Top of Record set

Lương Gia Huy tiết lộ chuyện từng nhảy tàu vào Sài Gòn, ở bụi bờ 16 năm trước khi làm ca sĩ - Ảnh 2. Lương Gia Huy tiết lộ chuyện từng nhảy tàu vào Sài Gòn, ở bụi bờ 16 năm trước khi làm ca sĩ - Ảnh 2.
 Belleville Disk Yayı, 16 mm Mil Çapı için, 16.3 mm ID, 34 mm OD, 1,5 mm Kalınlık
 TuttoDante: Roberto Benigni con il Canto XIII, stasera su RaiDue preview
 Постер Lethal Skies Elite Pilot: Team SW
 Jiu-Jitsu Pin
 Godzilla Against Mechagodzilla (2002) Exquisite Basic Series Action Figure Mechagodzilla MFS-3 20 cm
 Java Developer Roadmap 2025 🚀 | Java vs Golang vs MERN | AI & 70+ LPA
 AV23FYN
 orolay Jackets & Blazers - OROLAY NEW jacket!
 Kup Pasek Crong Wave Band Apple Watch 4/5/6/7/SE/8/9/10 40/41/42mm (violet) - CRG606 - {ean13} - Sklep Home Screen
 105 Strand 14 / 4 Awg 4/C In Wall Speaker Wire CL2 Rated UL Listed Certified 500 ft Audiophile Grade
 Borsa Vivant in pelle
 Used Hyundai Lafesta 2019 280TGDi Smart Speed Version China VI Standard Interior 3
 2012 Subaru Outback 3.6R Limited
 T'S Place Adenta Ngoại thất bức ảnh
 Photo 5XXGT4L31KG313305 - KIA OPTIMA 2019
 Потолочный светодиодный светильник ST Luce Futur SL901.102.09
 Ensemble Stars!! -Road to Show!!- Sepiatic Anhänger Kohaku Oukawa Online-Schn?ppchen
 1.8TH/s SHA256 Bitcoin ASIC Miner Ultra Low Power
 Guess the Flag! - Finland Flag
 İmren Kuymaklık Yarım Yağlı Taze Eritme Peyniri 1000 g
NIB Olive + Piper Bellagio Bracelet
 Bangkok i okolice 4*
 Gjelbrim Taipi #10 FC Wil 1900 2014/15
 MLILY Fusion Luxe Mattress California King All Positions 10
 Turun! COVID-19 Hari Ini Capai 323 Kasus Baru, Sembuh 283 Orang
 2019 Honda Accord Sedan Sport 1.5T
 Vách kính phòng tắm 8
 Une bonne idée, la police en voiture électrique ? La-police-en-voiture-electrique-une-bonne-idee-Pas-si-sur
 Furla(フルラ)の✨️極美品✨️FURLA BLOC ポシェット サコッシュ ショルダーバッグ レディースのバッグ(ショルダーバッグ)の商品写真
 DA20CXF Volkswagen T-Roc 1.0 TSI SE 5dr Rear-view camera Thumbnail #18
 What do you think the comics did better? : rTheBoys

Bottom of Record set

**What you have to do:** Give back exactly the lines above starting at the line where "Godzilla Against Mechagodzilla" appears and ending at the line where "DA20CXF Volkswagen T-Roc" appears, both included, with no other lines.

**Task result:**
 Godzilla Against Mechagodzilla (2002) Exquisite Basic Series Action Figure Mechagodzilla MFS-3 20 cm
 Java Developer Roadmap 2025 🚀 | Java vs Golang vs MERN | AI & 70+ LPA
 AV23FYN
 orolay Jackets & Blazers - OROLAY NEW jacket!
 Kup Pasek Crong Wave Band Apple Watch 4/5/6/7/SE/8/9/10 40/41/42mm (violet) - CRG606 - {ean13} - Sklep Home Screen
 105 Strand 14 / 4 Awg 4/C In Wall Speaker Wire CL2 Rated UL Listed Certified 500 ft Audiophile Grade
 Borsa Vivant in pelle
 Used Hyundai Lafesta 2019 280TGDi Smart Speed Version China VI Standard Interior 3
 2012 Subaru Outback 3.6R Limited
 T'S Place Adenta Ngoại thất bức ảnh
 Photo 5XXGT4L31KG313305 - KIA OPTIMA 2019
 Потолочный светодиодный светильник ST Luce Futur SL901.102.09
 Ensemble Stars!! -Road to Show!!- Sepiatic Anhänger Kohaku Oukawa Online-Schn?ppchen
 1.8TH/s SHA256 Bitcoin ASIC Miner Ultra Low Power
 Guess the Flag! - Finland Flag
 İmren Kuymaklık Yarım Yağlı Taze Eritme Peyniri 1000 g
NIB Olive + Piper Bellagio Bracelet
 Bangkok i okolice 4*
 Gjelbrim Taipi #10 FC Wil 1900 2014/15
 MLILY Fusion Luxe Mattress California King All Positions 10
 Turun! COVID-19 Hari Ini Capai 323 Kasus Baru, Sembuh 283 Orang
 2019 Honda Accord Sedan Sport 1.5T
 Vách kính phòng tắm 8
 Une bonne idée, la police en voiture électrique ? La-police-en-voiture-electrique-une-bonne-idee-Pas-si-sur
 Furla(フルラ)の✨️極美品✨️FURLA BLOC ポシェット サコッシュ ショルダーバッグ レディースのバッグ(ショルダーバッグ)の商品写真
 DA20CXF Volkswagen T-Roc 1.0 TSI SE 5dr Rear-view camera Thumbnail #18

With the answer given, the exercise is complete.